=== Task ===
Please restate exactly the lines of the data below, beginning with the line containing "NakedMILFx from StripChat" and ending with the last line.

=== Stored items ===

####################

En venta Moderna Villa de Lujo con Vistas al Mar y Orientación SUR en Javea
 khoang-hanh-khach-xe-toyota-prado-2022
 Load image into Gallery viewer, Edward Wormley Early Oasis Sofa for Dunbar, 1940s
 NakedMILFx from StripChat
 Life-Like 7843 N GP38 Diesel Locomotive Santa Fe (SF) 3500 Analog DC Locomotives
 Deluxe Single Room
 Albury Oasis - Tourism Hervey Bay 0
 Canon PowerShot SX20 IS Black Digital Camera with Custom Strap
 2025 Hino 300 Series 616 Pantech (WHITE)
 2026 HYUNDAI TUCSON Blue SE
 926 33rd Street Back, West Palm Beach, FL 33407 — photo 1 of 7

####################

=== Task output ===
 NakedMILFx from StripChat
 Life-Like 7843 N GP38 Diesel Locomotive Santa Fe (SF) 3500 Analog DC Locomotives
 Deluxe Single Room
 Albury Oasis - Tourism Hervey Bay 0
 Canon PowerShot SX20 IS Black Digital Camera with Custom Strap
 2025 Hino 300 Series 616 Pantech (WHITE)
 2026 HYUNDAI TUCSON Blue SE
 926 33rd Street Back, West Palm Beach, FL 33407 — photo 1 of 7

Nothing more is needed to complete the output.